Wednesday, January 22, 2014

Making Sense of Unstructured Text in Online Reviews, Part 2: Sentiment Analysis

In part 1 I spent time explaining my motivations for exploring online reviews and talked about getting the data with BeautifulSoup, then saving it with Pickle. Now that I have the raw text and the associated rating for a set of reviews, I want to see if I can leverage the text and the ratings to classify other review text. This is a bit of a detour from finding out 'why' people liked a specific site or not, but it was a very good learning process for me (that is still going on).

To do classification I'm going to stand on the shoulders of the giants -- specifically the giants  who wrote and maintain the NLTK package.  In it's own words, "NLTK -- the Natural Language Toolkit -- is a suite of open source Python modules, data sets and tutorials supporting research and development in natural language processing."

Brief Recap

I put together some code to download and save, then reload and analyze the data. I wanted to build a set of classes I could easily manipulate from the command prompt, so that  I could explore the data interactively. The source is at https://github.com/arunxarun/reviewanalysis.

To review: Here is how I would download data for all reviews from a review site:

(note I've only implemented a 'scraper' for one site, http://sitejabber.com)

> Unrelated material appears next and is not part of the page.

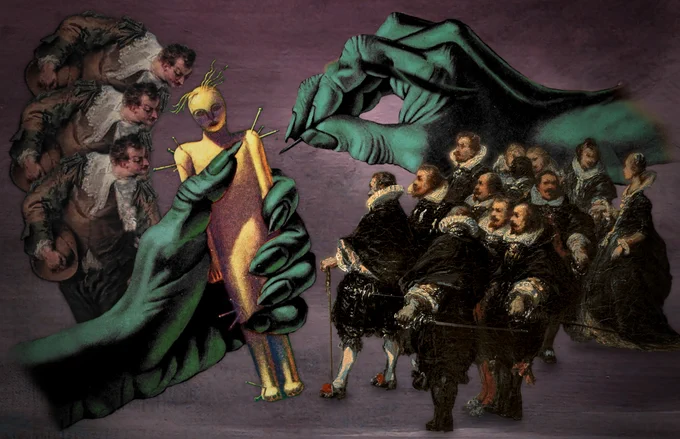 Two giant green witches hands; one holds a pin-skewered voodoo doll, the other is making ready to add more pins. Peering over the doll's shoulder are three dandies, leering suggestively. at the other extreme is a crowd of Dutch master-style fellows in black, looking on in affront.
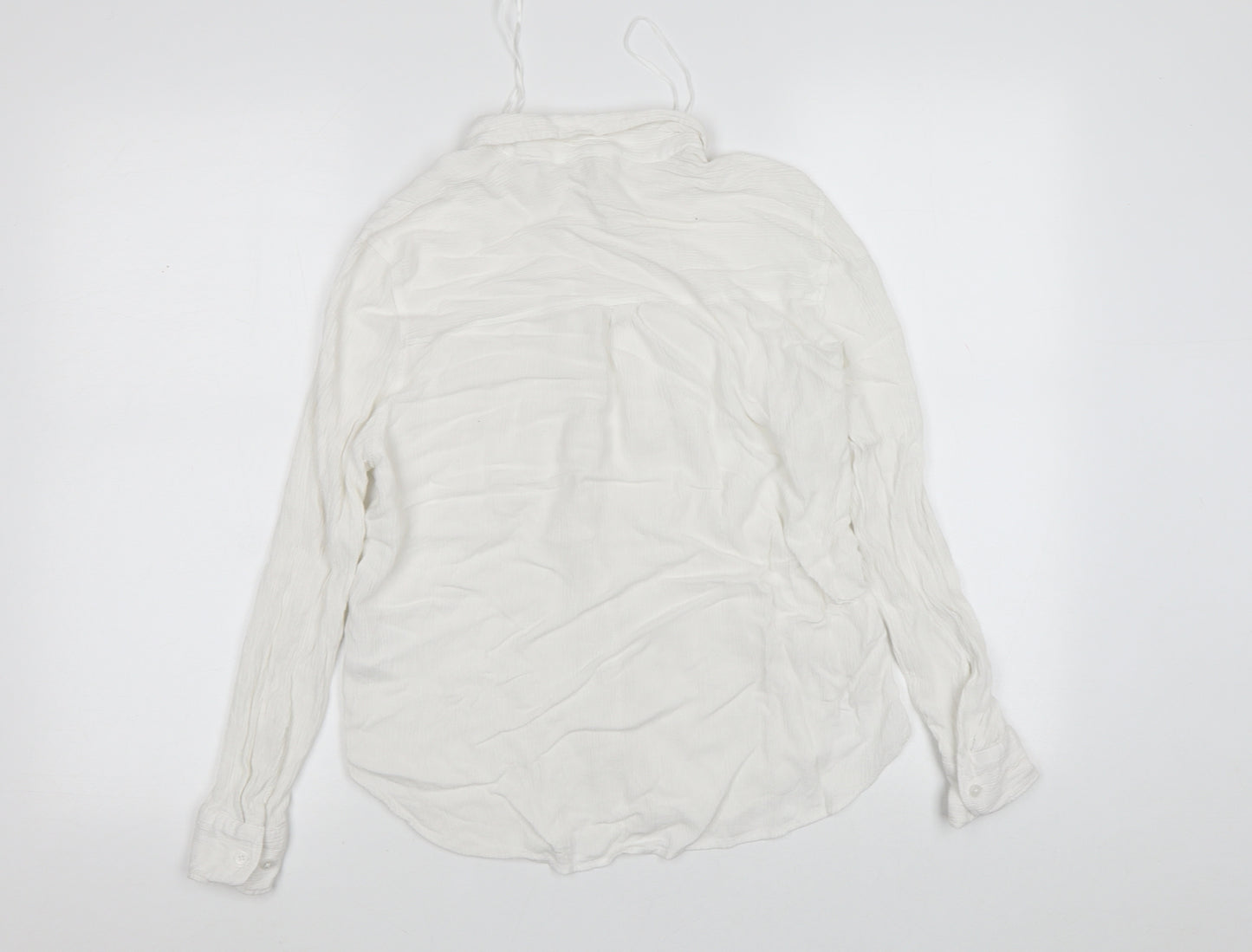 H&M Womens White  Viscose Basic Button-Up Size 14 V-Neck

    from sitejabberreviews import SiteJabberReviews
    from analyzesitedata import AnalyzeSiteData


    pageUrl = 'reviews/www.zulily.com'
    filename = "siteyreviews.pkl"
    
    sjr = SiteJabberReviews(pageUrl,filename)    

    sjr.download(True) # this saves the reviews to the file specified above

Once I've downloaded the data, I can always load it up from that file later:

    pageUrl = 'reviews/www.zulily.com'
    filename = "siteyreviews.pkl"
    
    sjr = SiteJabberReviews(pageUrl,filename)    
    sjr.load()

Next Step: Bayesian Classification

NLTK comes with several built in classifiers, including a Bayesian classifier. There are much better explanations of Bayes theory than I could possibly provide, but the basic theory as it applies to text classification is this:  the occurrence of a word across bodies of previously classified documents can be used to classify other documents as being in one of the input classifications. The existence of previously classified documents implies that the Bayesian classifier is a supervised classifier, which means it must be trained with data that has already been classified.

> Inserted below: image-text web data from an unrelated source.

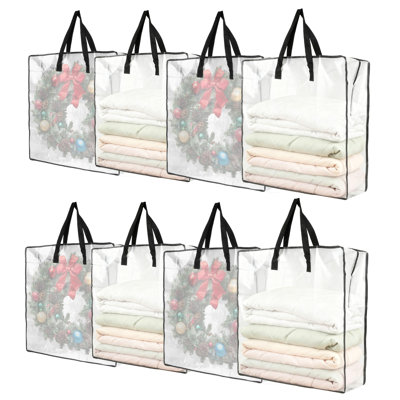 Heavy Duty Clear Wreath Storage Bags 8 Pack – 25 Gallon Transparent Organizer with Sturdy Handles
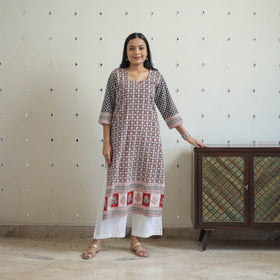 Multicolor Block Print Cotton Straight Bagh Kurta for Women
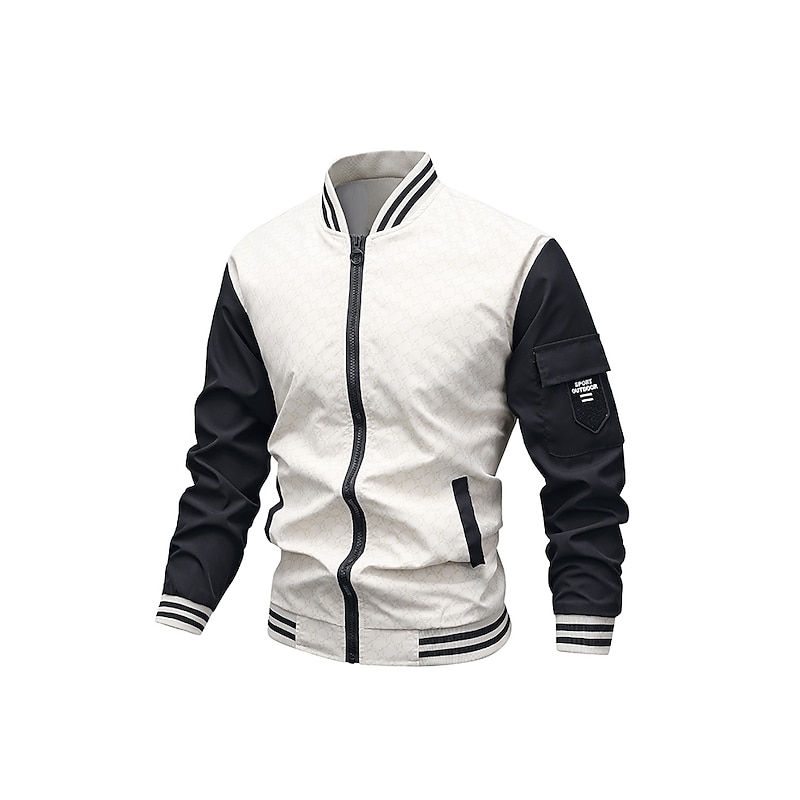 Men's Bomber Jacket Casual Jacket Outdoor Daily Wear Warm Zipper Pocket Fall Winter Plain Fashion Streetwear Standing Collar Regular Black Green Beige Jacket3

This is a bastardized version of Bayes' theorem as it applies determining the probability that a review has a specific rating given the features (words) in it:

    P(review rating | features) = P(features, review rating)/P(features)

In other words, the probability that a review has a specific rating given its features depends on the probabilities of those features as previously observed in other documents that have the specific rating / the probability that the review has those  features. Since the features are the words in the review, they are the same no matter what the rating is, so that term effectively 'drops out'.  So the probability that a review has a specific rating is the multiplied probabilities of the terms in the review being in previously observed documents that had the same rating.

    P(review rating | features) = P(features, review rating)

This isn't completely true: there's some complexities in the details. For example: while the strongest features would be the ones that have no presence in one of the review classes, a Bayesian classifier cant work with P(feature) = 0, as this would make the above equation go to zero. In order to avoid that there are smoothing techniques that can be applied. These techniques basically apply a very small increment to the count of all features (including zero valued ones) so that there are no zero values, but the probability distribution essentially stays the same. The size of the increment depends on the values of the probabilities in the probability distribution of P(feature, label) for all features for a specific label.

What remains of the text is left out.